April 6, 2018 at 1:53 p.m.
Father Robert, 71, had not arrived for a funeral in his diocese April 10, worrying Church officials. When his car was spotted several days later being driven by Steven James Murray, that led to a high-speed chase and manhunt and the arrest of Murray, who led police to the body.
The Associated Press reported April 19 that Murray was expected to be charged with first-degree murder.
Father Robert had close ties to the Albany Diocese, including relatives in the area and friends in the local deaf community. The priest had served as chaplain to the Florida School for the Deaf and Blind in St. Augustine and did decades of ministry to persons with hearing and visual impairments.

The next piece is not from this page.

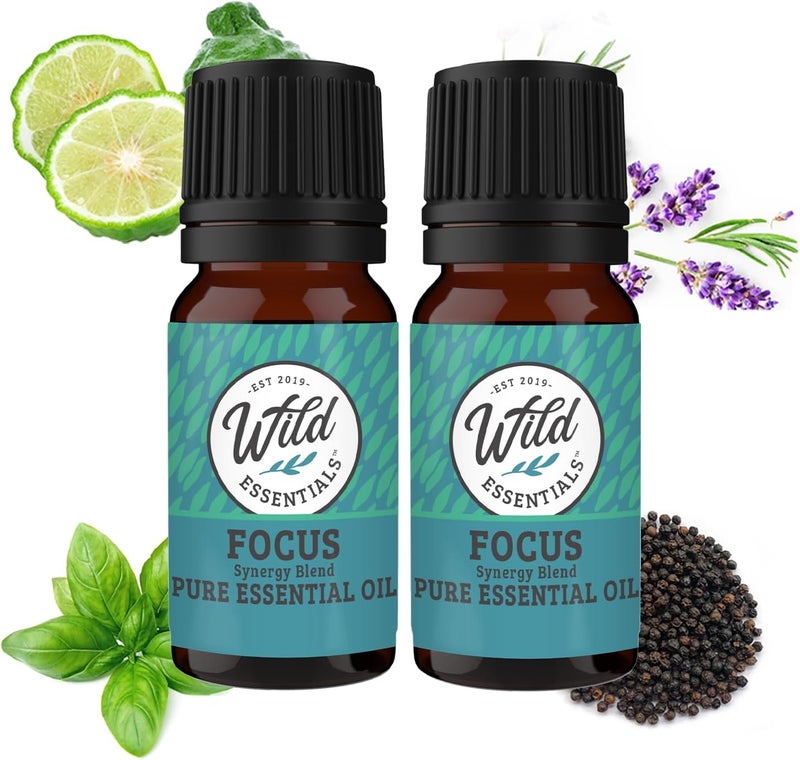 mEssentials Wild Essentials Focus 100% Pure Essential Oil Synergy Blend 2 Pack 10ml, Therapeutic Grade Concentration Formula for Mental Clarity, Study, Work, Test, Interview, Attention Made in The USA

"The deaf community of the Diocese of Albany is deeply saddened by the death of Father Robert," noted Rosemarie Tobin, diocesan consultant for people with disabilities and liaison to the Catholic deaf community. "He was a longtime friend of the community and would visit with them when in the area. He will be remembered with love and fondness. We also pray for his alleged murderer."
Father Robert, an alumnus of St. Mary's School in Waterford and Catholic Central High School in Troy, became a Conventual Franciscan brother in Rensselaer in the 1960s. He went on to become a Franciscan friar, but left the order to become a diocesan priest so he could continue his work at the Florida school when the Franciscans left the St. Augustine Diocese.
The priest held a bachelor's degree in education of the hearing-impaired and a master's degree in education.
While visiting the Albany Diocese in 2001, Father Robert talked with The Evangelist about his hope that the Catholic Church would do more outreach to the Deaf community. He said he was intrigued by American Sign Language, but "it's not so much the language itself; it's the people - reaching out to our Catholic deaf who are isolated from the Church.
"We need to create communities so deaf people don't just have an interpreter, but become lectors, eucharistic ministers -- so they're not just receiving, they're giving as well," he added.
Bernadette Johnson of St. Michael's parish in Troy, whose parents are deaf, told The Evangelist she had known Father Robert for 50 years.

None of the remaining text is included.